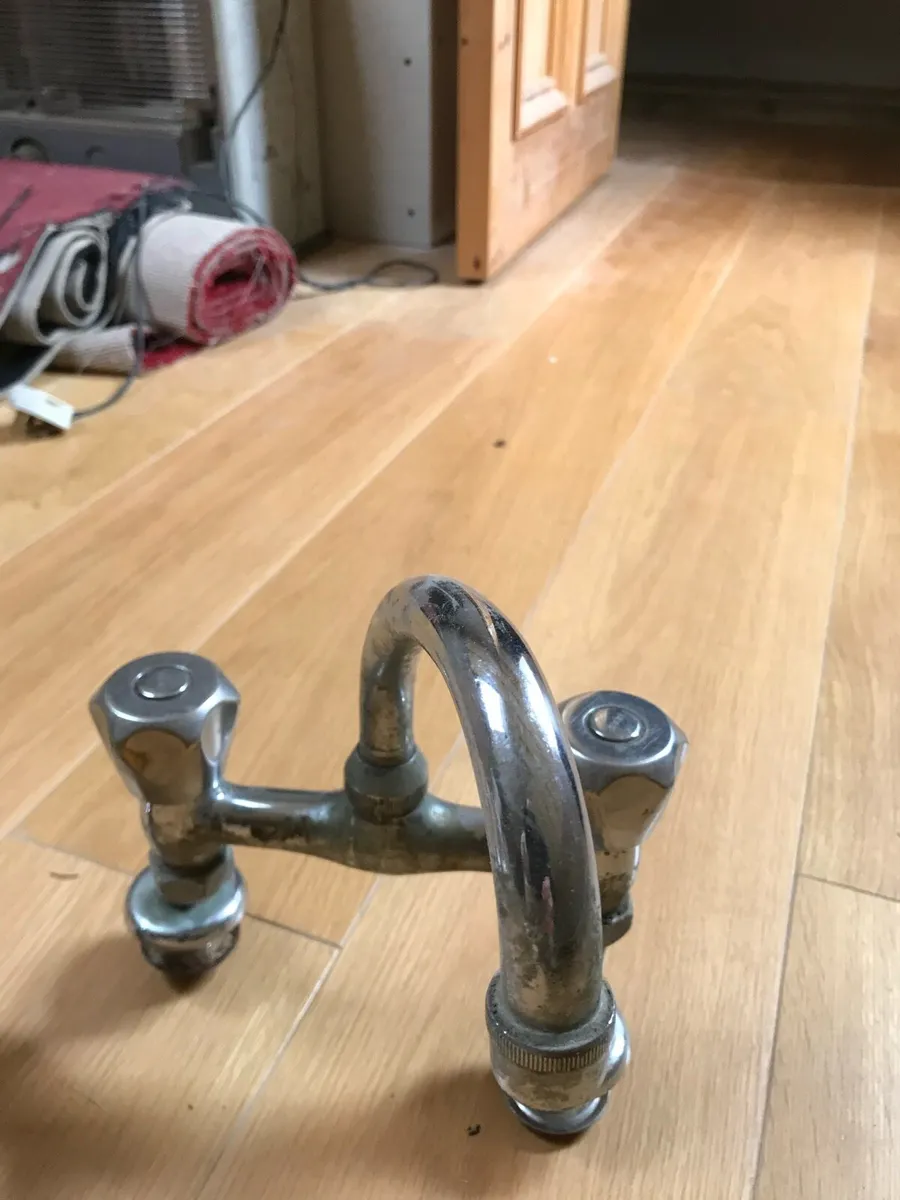 Taps - Image 3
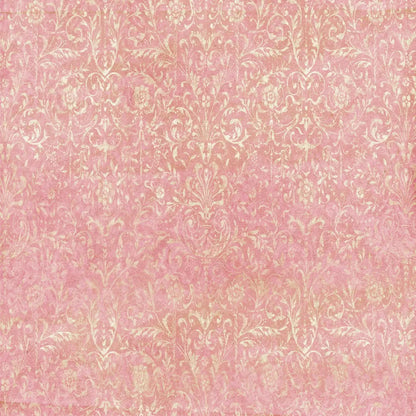 Cynthia Backdrop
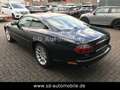 Jaguar XK8 4,2 Coupe DEUTSCHE-AUSLIEFERUNG + SCHECKHEFT Černá - thumbnail 6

------------------------------

ACTIVITY: Repeat exactly the lines from the one containing "Cynthia Backdrop" to the last line of the data above, both included, and write no pictures into the copy.

EXERCISE ANSWER:
 Cynthia Backdrop
 Jaguar XK8 4,2 Coupe DEUTSCHE-AUSLIEFERUNG + SCHECKHEFT Černá - thumbnail 6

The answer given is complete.